Goal of the exercise ->
Would you give the listing back word for word once its pictures are removed?

--- The data Enclosed Below ---

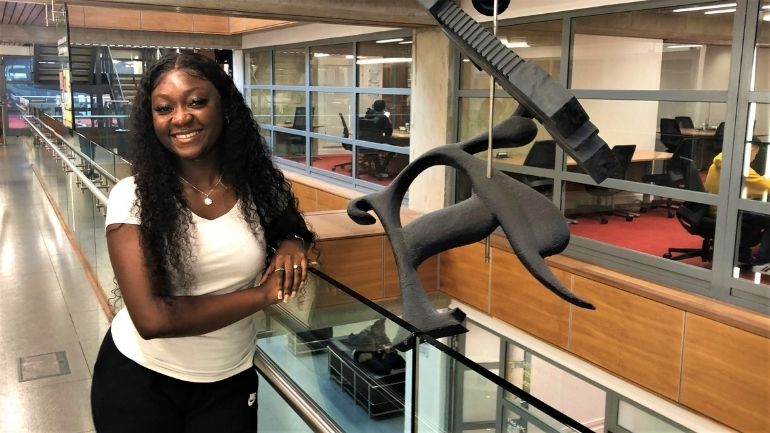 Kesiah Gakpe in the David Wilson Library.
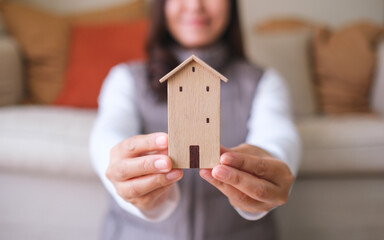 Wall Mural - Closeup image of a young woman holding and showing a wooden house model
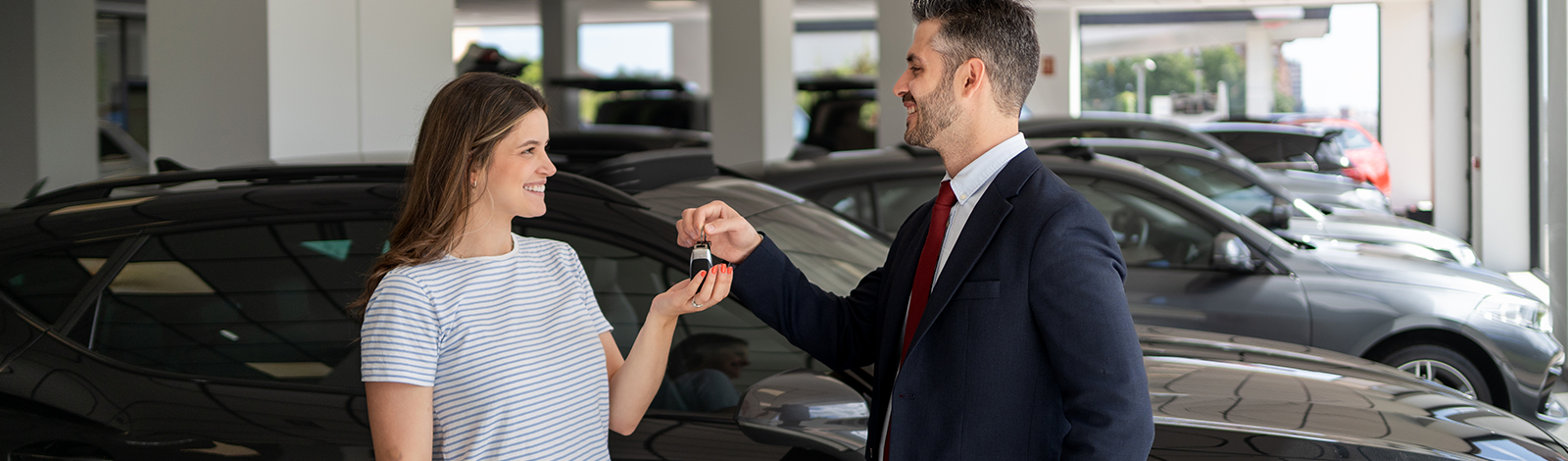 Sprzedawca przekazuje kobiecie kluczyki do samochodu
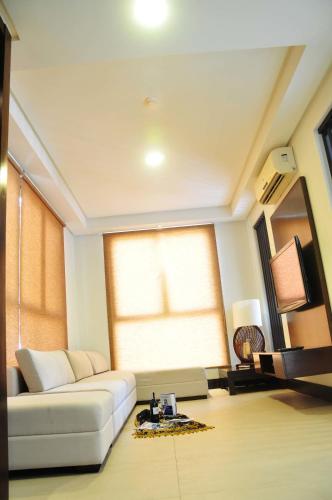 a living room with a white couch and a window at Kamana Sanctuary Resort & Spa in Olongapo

--- End of Enclosed The data ---

Your solution ->
 Kesiah Gakpe in the David Wilson Library.
 Wall Mural - Closeup image of a young woman holding and showing a wooden house model
 Sprzedawca przekazuje kobiecie kluczyki do samochodu
 a living room with a white couch and a window at Kamana Sanctuary Resort & Spa in Olongapo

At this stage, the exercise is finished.